I will now shut up on this subject.


----------



## Michael Rader (Mar 14, 2012)

Well our esteemed president just gave a tribe in Wyoming the right to hunt the Bald Eagle, so maybe there will be feathers on the market real soon :-(
(not sure about the other birds, however.)

-M


----------



## Eamon Burke (Mar 14, 2012)

Eh, we used to keep every bird we'd hit in our car(it was a '79 Lincoln Town Car, so a lot of birds), and gave it to a cherokee guy that lived in Mathis. I really wouldn't worry about picking up feathers or carcasses being a problem unless you are on a national park or wildlife refuge with a game warden nearby.


----------



## sachem allison (Mar 14, 2012)

cannot purchase feathers for legal reasons. They must be given freely or found. This is a sacred thing for a sacred reason and must remain untainted. thank you for your offer, I appreciate it my friend
I am a member of the tribe and would not ask anyone to risk any thing. The young lady is also native and we have legal rights to possess the feathers for ceremonial purposes. If at any time the moderators or Dave feel uncomfortable about my request, please remove the thread, as I do not anyone to feel uncomfortable.


----------



## Crothcipt (Mar 14, 2012)

I am just curious about the differences between raven and crow feathers. I know I have seen both but I am not remembering the differences.


----------



## sachem allison (Mar 14, 2012)

raven is a much bigger bird, they have black beaks with a hump on them. generally much smarter. They play a major role in many native cultures.


----------



## tk59 (Mar 14, 2012)

I see some of these feathers from time to time when walking around with the kids. I'll be sure to send 'em over, if I find them.


----------



## BobCat (Mar 14, 2012)

PM sent

deborah


----------



## hax9215 (Mar 14, 2012)

Chifunda said:


> From the U.S. Department of the Interior:
> 
> "Many people ask &#8220;If I find an eagle or hawk feather, can I keep it?&#8221; The answer is "No." All raptors are protected by state and federal regulations.
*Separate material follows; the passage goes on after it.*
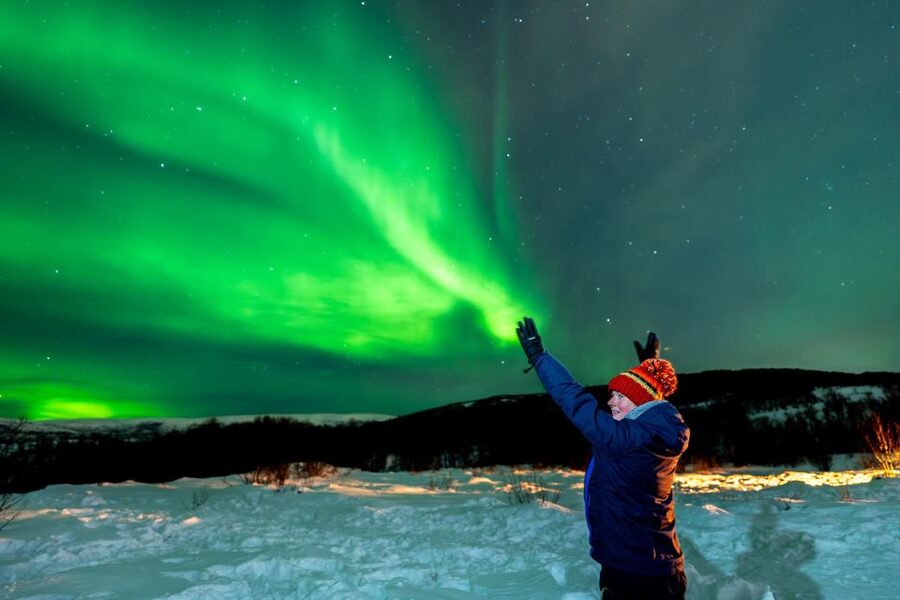 Tromsø: Northern Lights Chase Minibus Tour - Why this Tromsø aurora chase works differently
It is illegal to capture or kill a raptor; possess a raptor (living or dead), or any pieces or parts of raptors, including feathers, without proper permits from state and federal government agencies."
> 
> ...


----------



## sachem allison (Mar 14, 2012)

I one hundred percent agree with what Chifunda has said also and again I say if you have any doubts or misgivings please do not do anything. I will take full responsibility for this. I made a promise to help in anyway I can and that means taking responsibility for my actions. I will help here, because I can't do anything less than that. I thank all of you for your concern. I am not asking anybody to harm or hunt any of these birds, only pick up what you find, that is it. please do not harm anything for her or me.
sachem


----------



## sachem allison (Mar 14, 2012)

Chifunda said:


> Please know that I'm not trying to be some dick-head spoil sport but the possession of migratory bird and/or raptor feathers is illegal and penalties can be severe. I understand that there are some exemptions for Native Americans but beyond that the laws are quite clear.
> 
> I understand and applaud your motivation...just sayin' be careful. All it takes is one overzealous DNR agent or the like. There are plenty of non native species with attractive plumage that might serve your purposes.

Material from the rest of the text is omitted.